▶ _TASK DIRECTIONS_
Each line of the data below containing "Gold" needs to be listed.

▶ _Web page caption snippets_
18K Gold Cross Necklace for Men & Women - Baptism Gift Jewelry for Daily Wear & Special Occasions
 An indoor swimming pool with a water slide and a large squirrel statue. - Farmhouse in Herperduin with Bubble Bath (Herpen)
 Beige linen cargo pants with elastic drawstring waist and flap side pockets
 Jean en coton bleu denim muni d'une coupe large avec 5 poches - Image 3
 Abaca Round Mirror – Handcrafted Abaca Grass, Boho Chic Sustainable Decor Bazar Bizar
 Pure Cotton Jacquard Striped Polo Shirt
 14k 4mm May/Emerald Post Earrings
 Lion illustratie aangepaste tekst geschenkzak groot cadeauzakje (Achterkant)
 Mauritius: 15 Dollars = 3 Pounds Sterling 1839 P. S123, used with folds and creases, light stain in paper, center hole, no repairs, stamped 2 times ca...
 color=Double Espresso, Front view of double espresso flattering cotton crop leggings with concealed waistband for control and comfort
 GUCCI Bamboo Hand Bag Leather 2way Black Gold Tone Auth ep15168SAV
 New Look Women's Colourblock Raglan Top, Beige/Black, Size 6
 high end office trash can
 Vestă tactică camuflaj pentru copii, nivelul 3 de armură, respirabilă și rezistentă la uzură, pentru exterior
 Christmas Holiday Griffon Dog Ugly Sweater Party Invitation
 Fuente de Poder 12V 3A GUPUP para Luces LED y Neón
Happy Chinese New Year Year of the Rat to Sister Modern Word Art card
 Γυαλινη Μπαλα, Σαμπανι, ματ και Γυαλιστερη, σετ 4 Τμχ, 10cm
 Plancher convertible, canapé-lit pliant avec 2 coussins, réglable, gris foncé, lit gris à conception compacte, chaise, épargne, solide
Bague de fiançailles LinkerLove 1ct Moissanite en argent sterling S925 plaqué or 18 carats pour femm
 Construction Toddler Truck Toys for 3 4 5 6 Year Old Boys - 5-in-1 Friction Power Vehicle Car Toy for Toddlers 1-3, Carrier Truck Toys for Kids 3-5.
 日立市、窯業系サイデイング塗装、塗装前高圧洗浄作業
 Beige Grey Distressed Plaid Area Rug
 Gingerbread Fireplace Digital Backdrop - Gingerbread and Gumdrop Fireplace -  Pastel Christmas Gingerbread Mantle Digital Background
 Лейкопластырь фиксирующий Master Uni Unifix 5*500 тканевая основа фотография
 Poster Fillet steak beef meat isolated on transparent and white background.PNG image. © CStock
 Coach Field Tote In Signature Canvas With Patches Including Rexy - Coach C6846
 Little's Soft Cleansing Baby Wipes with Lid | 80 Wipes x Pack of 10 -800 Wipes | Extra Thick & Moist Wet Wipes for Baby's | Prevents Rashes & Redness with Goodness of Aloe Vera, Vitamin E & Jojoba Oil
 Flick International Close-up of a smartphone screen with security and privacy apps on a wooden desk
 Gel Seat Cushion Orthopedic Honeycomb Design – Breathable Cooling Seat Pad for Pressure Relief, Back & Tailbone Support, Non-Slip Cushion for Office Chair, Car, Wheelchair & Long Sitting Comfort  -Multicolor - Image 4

▶ _EXPECTED OUTPUT_
18K Gold Cross Necklace for Men & Women - Baptism Gift Jewelry for Daily Wear & Special Occasions
 GUCCI Bamboo Hand Bag Leather 2way Black Gold Tone Auth ep15168SAV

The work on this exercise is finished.